Adada her şeyin kaydı tutuluyor, her şey için izin alınıyor. Örneğin 'coco-taxi' dedikleri, (fotoğrafını gördüğünüz) iki kişilik, son derece şirin motosikletli taksileri var.
Bunlardan birine bindiğinizde şoför durumu defterine kaydediyor. Polis taksiyi durduruyor ve şoförün kaydı yapıp yapmadığına bakıyor. Özetle Küba'da her şey devletin denetimi altında. Ama...
***
Küba, ABD ambargosuna karşı Sovyetler Birliği ile ittifak halindeydi. Sovyetler gerektiğinde Küba mallarını dünya fiyatlarının üstünde satın alıyordu. Ancak Sovyetler 1990'ların başında dağıldı. Bu durum Küba'yı da vurdu. Ve yönetim iki önemli tedbir aldı: 1) Yabancı şirketlerle ortaklığa gitti. 2) Turizme ağırlık verdi.
Sonuç: Küba bugün fahişe kaynıyor. Sadece erkekler değil, çok sayıda orta yaşlı Avrupalı kadın ve gey de seks satın almaya gidiyor.

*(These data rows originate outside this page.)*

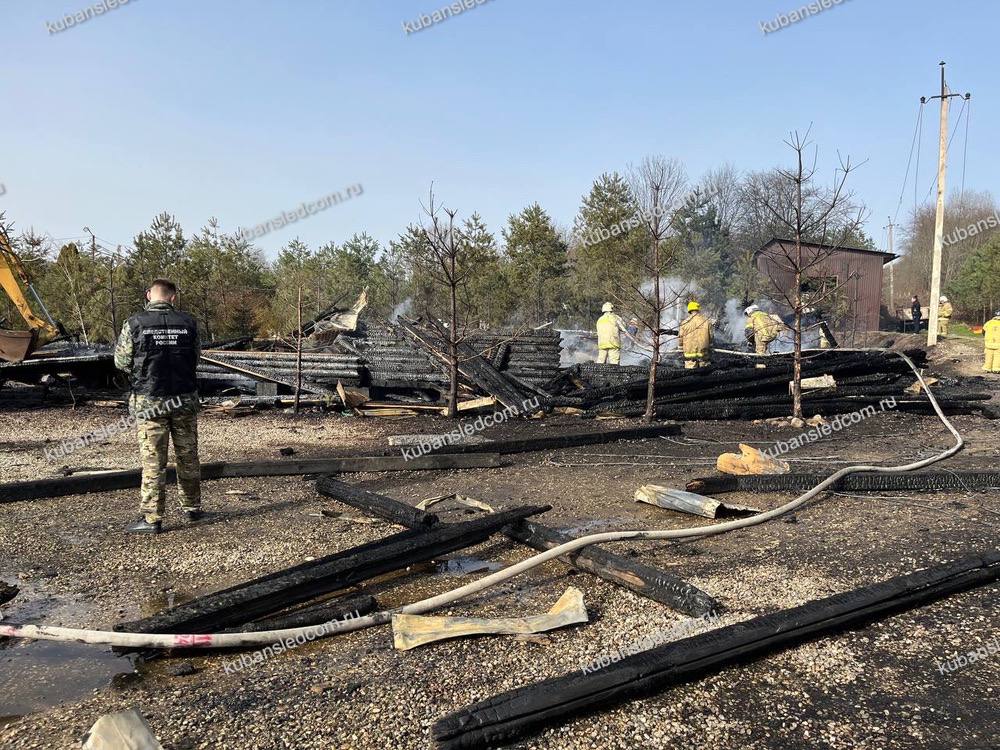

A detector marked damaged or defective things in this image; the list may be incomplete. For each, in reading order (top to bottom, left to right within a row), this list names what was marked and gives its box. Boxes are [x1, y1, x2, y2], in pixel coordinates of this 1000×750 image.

burned wooden beam [0, 452, 500, 506]
burned plank [0, 452, 500, 506]
burned wooden beam [116, 506, 548, 640]
burned plank [118, 506, 552, 640]
burned wooden beam [316, 482, 716, 616]
burned plank [316, 482, 716, 616]
burned wooden beam [684, 470, 1000, 500]
burned plank [684, 470, 1000, 500]
burned plank [434, 552, 1000, 750]
burned wooden beam [436, 552, 1000, 750]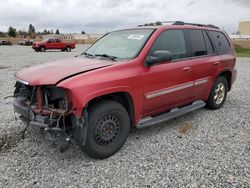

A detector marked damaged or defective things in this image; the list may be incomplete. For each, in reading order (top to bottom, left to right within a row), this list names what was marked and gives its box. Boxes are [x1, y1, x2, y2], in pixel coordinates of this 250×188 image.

damaged front end [13, 81, 86, 152]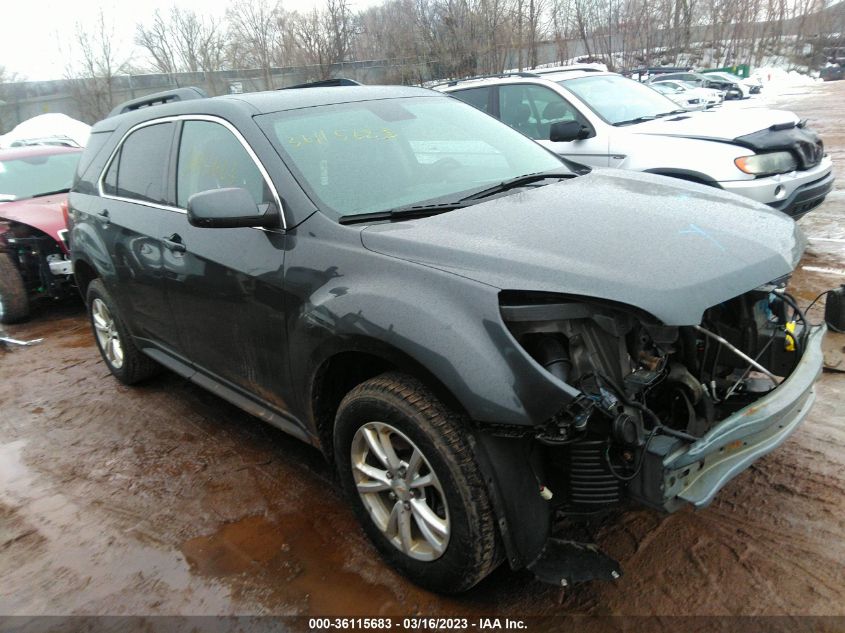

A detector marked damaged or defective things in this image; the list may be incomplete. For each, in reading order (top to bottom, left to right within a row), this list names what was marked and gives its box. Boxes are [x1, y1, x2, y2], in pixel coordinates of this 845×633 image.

damaged gray suv [71, 84, 824, 592]
crushed front end [494, 284, 824, 584]
crumpled bumper [632, 324, 824, 512]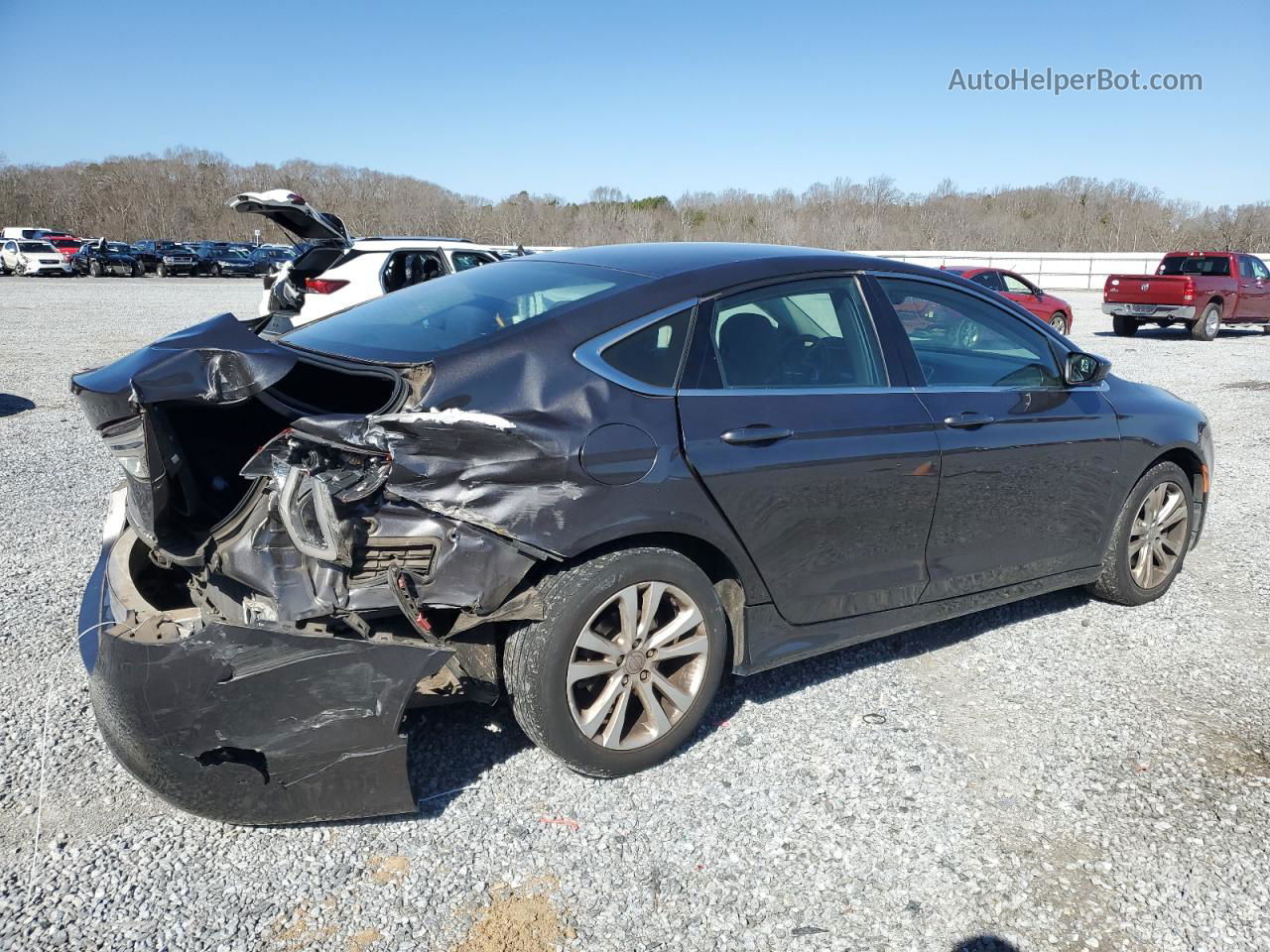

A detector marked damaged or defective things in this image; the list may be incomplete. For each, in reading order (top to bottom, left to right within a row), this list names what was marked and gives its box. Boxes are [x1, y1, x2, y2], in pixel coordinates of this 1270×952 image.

crumpled bumper [76, 551, 454, 825]
severe rear damage [74, 315, 556, 821]
crashed gray sedan [71, 246, 1206, 825]
parked damaged car [74, 246, 1214, 825]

Katmerli bir 'acı' var burada: Sadece ekonominin çökmesi fahişeliği artırmamış... Her şeyi denetleyen devlet, fahişeliğe açıkça göz yumuyor. Örneğin kimi barlarda 'üniformalı' çiçekçiler, cüzdanı şişkin 'tonton amca'ya eşlik eden çıtır kızlara metazori çiçek aldırıyor.
Küba devleti istese bugünden yarına fuhuşa son verebilir. Ancak bu kararın turizmi bitireceğini bildiği için üç maymunu oynuyor.
Not: Bir okurumuz dünkü yazım üzerine esprili bir mesaj göndermiş. Şöyle: "Mohitodaki 'nane'den başka ne 'nane'ler yedin Küba'da? Açıkla; yoksa biz açıklarız ona göre."
Hemen cevap vereyim: 1) Siyahlardan haz etmem. 2) Küba'ya eşimle gittim!